▸ DATASET EXCERPTS
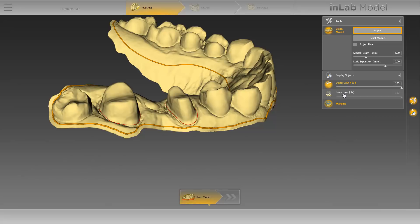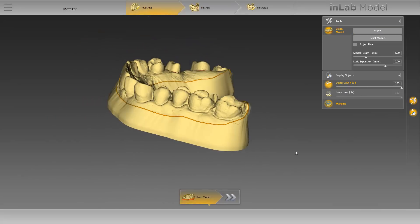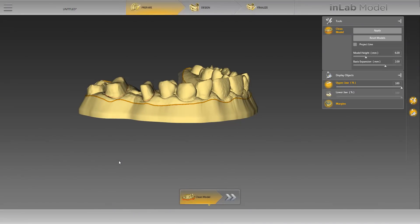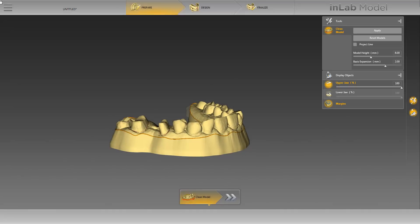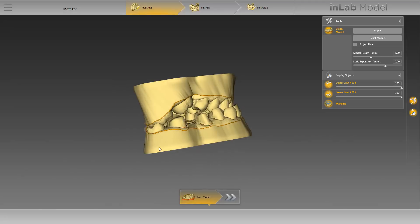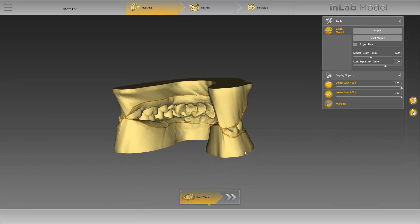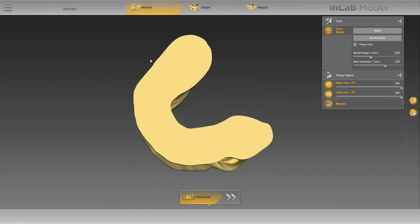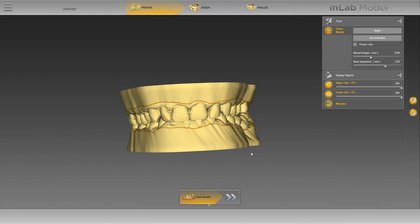Clicking on Apply will start the calculation. After creating the model, you can still change the height or width of the base. As an example, we will change the height to 8 mm and recalculate the model. The calculation has also been performed for the opposite jaw. We will activate the lower jaw and check the models from different angles. Without making any further adjustments, we will move to the next phase, the design phase, by clicking on the double arrow.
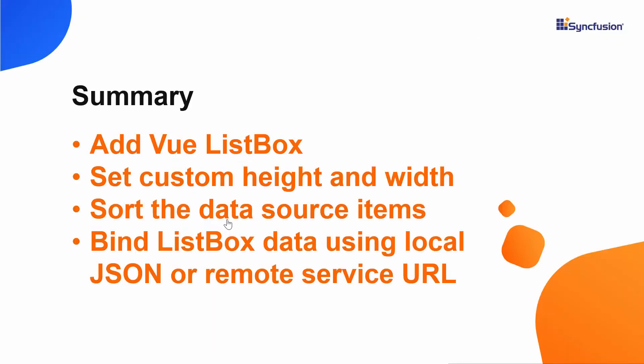Let me summarize some of the important points which we have discussed so far. We have seen how to add the Vue ListBox of Syncfusion to the Vue application. Also, we have seen how to populate JSON data and remote data source to the ListBox and how to sort the data source as well as how to set the custom height and width for ListBox popup. If you'd like to see the working of this example, you can download it from the GitHub link which I have shared in the description part below and if you find this video as useful, don't forget to click the like button and subscribe to our channel to watch more videos like this. Thanks for watching this video.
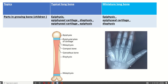The parts of a typical long bone are: epiphysis, epiphyseal cartilage, metaphysis, diaphysis, and again metaphysis, epiphyseal cartilage, and epiphysis. In the case of a miniature long bone, for the first metacarpal bone: epiphysis, epiphyseal cartilage, and diaphysis. But for the second to fifth metacarpal and metatarsal bones: diaphysis, epiphyseal cartilage, and epiphysis.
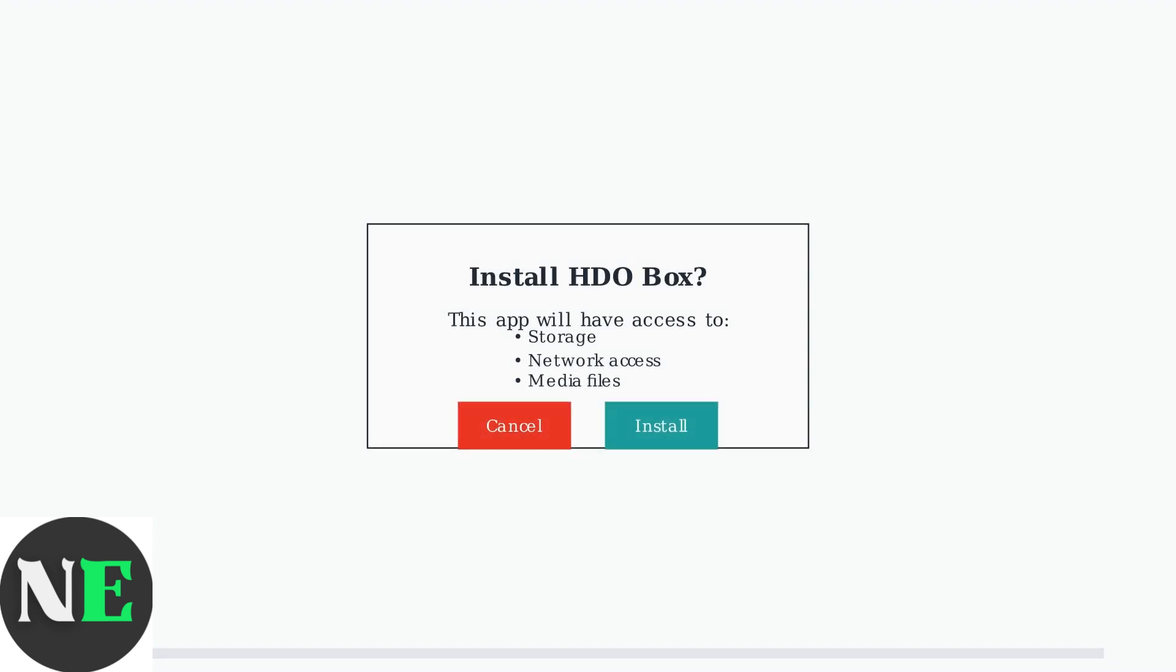After downloading the HDO Box APK file, the installation process begins automatically. You'll see an installation prompt appear on your screen. Click the Install button to proceed. The system will begin installing HDO Box on your Skyworth TV.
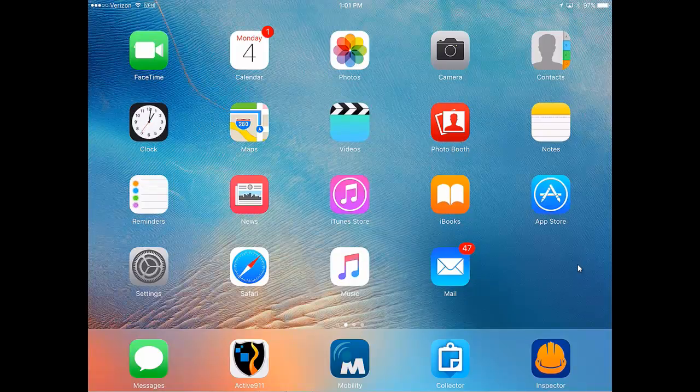Hi, this is Dave Roman with Solid City Fire Department. In this brief video, I will show you how to enter hydrant inspections using your iPad. Today's date is April 4th, 2016.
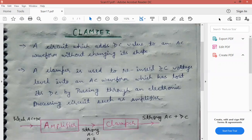Namaste students. I am JV, assistant professor, Department of Science and Technology, Faculty of Education and Methodology. Today I will discuss clamper, so let's start.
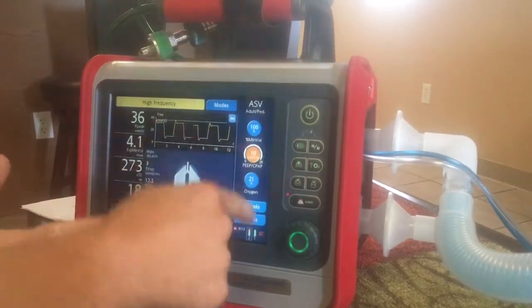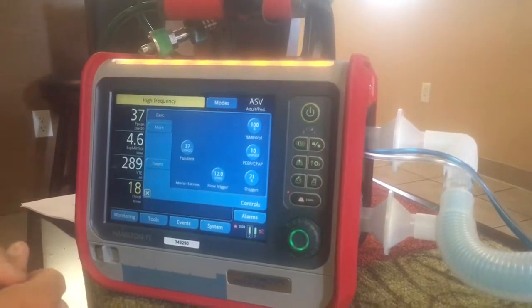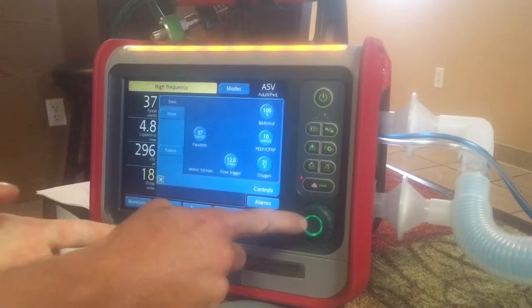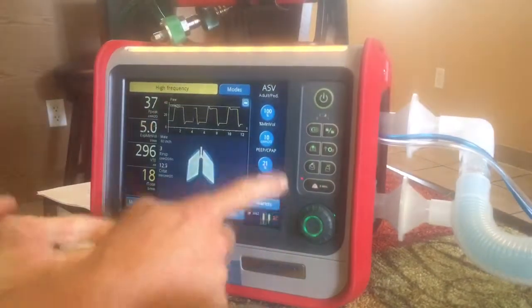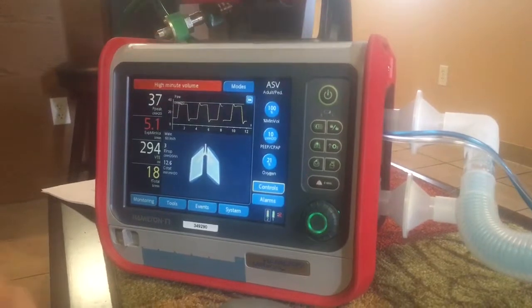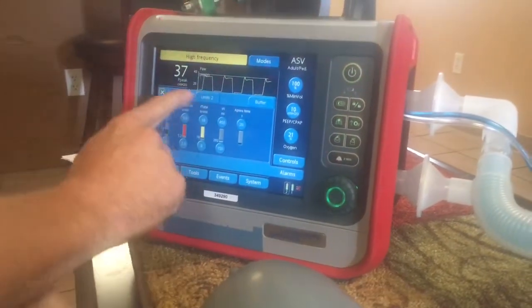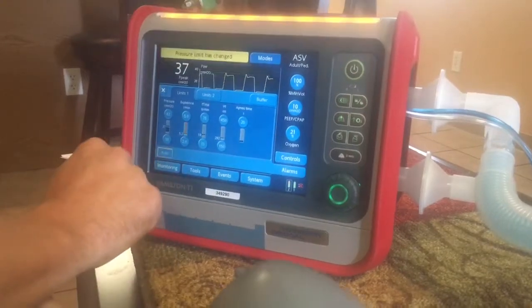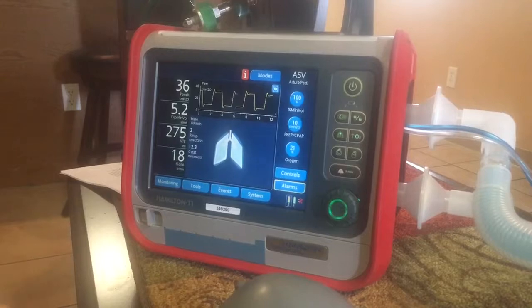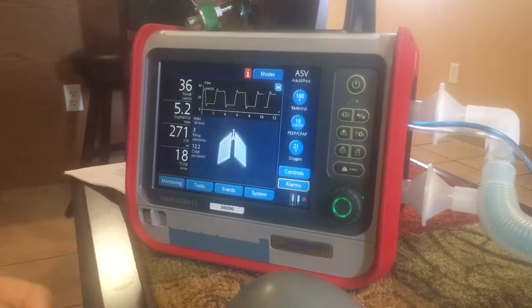I'm going to confirm all those settings. That looks good. Our peak looks good at 21%. Make sure everything else looks good. Flow triggers are good. Let's confirm that. Now we're ventilating in ASV. We're going to go back to alarms and hit auto — it's going to automatically correct our alarms. Now the machine is delivering ASV ventilation to the patient.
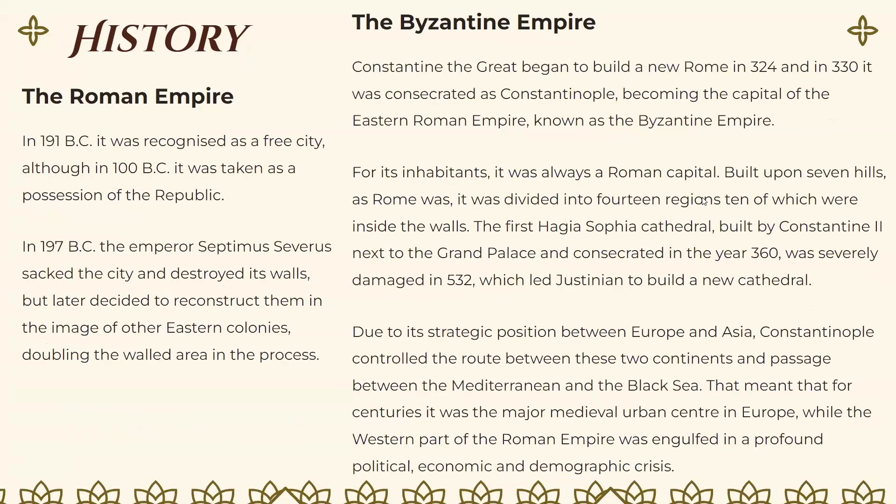Regarding the Roman Empire: in 191 BC it was recognized as a free city, although in 100 BC it was taken as a possession of the Republic. In 197 BC, Emperor Septimus Severus sacked the city and destroyed its walls, but later decided to reconstruct them in the image of other eastern colonies, doubling the walled area in the process.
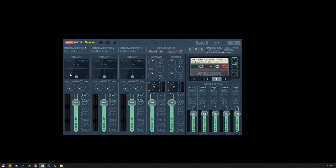So first we're going to install Voice Meter Banana. I'm going to put a link to the download down below, but then we're going to use Voice Meter Aux here.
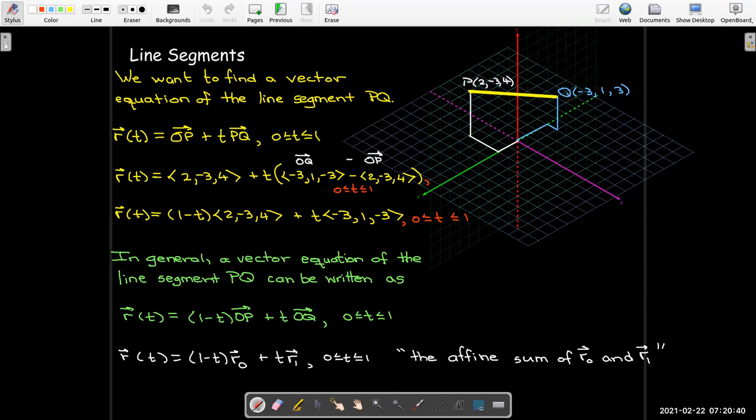I hope you've enjoyed this video on the equations of lines. What comes up next is the equations of planes.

▸ WHAT YOU HAVE TO DO
Reproduce the data above in full, exactly as it is, with the pictures left out.

▸ EXERCISE SOLUTION
Clicking on Apply will start the calculation. After creating the model, you can still change the height or width of the base. As an example, we will change the height to 8 mm and recalculate the model. The calculation has also been performed for the opposite jaw. We will activate the lower jaw and check the models from different angles. Without making any further adjustments, we will move to the next phase, the design phase, by clicking on the double arrow.
Let me summarize some of the important points which we have discussed so far. We have seen how to add the Vue ListBox of Syncfusion to the Vue application. Also, we have seen how to populate JSON data and remote data source to the ListBox and how to sort the data source as well as how to set the custom height and width for ListBox popup. If you'd like to see the working of this example, you can download it from the GitHub link which I have shared in the description part below and if you find this video as useful, don't forget to click the like button and subscribe to our channel to watch more videos like this. Thanks for watching this video.
The parts of a typical long bone are: epiphysis, epiphyseal cartilage, metaphysis, diaphysis, and again metaphysis, epiphyseal cartilage, and epiphysis. In the case of a miniature long bone, for the first metacarpal bone: epiphysis, epiphyseal cartilage, and diaphysis. But for the second to fifth metacarpal and metatarsal bones: diaphysis, epiphyseal cartilage, and epiphysis.
After downloading the HDO Box APK file, the installation process begins automatically. You'll see an installation prompt appear on your screen. Click the Install button to proceed. The system will begin installing HDO Box on your Skyworth TV.
Hi, this is Dave Roman with Solid City Fire Department. In this brief video, I will show you how to enter hydrant inspections using your iPad. Today's date is April 4th, 2016.
Namaste students. I am JV, assistant professor, Department of Science and Technology, Faculty of Education and Methodology. Today I will discuss clamper, so let's start.
I'm going to confirm all those settings. That looks good. Our peak looks good at 21%. Make sure everything else looks good. Flow triggers are good. Let's confirm that. Now we're ventilating in ASV. We're going to go back to alarms and hit auto — it's going to automatically correct our alarms. Now the machine is delivering ASV ventilation to the patient.
Regarding the Roman Empire: in 191 BC it was recognized as a free city, although in 100 BC it was taken as a possession of the Republic. In 197 BC, Emperor Septimus Severus sacked the city and destroyed its walls, but later decided to reconstruct them in the image of other eastern colonies, doubling the walled area in the process.
So first we're going to install Voice Meter Banana. I'm going to put a link to the download down below, but then we're going to use Voice Meter Aux here.
I hope you've enjoyed this video on the equations of lines. What comes up next is the equations of planes.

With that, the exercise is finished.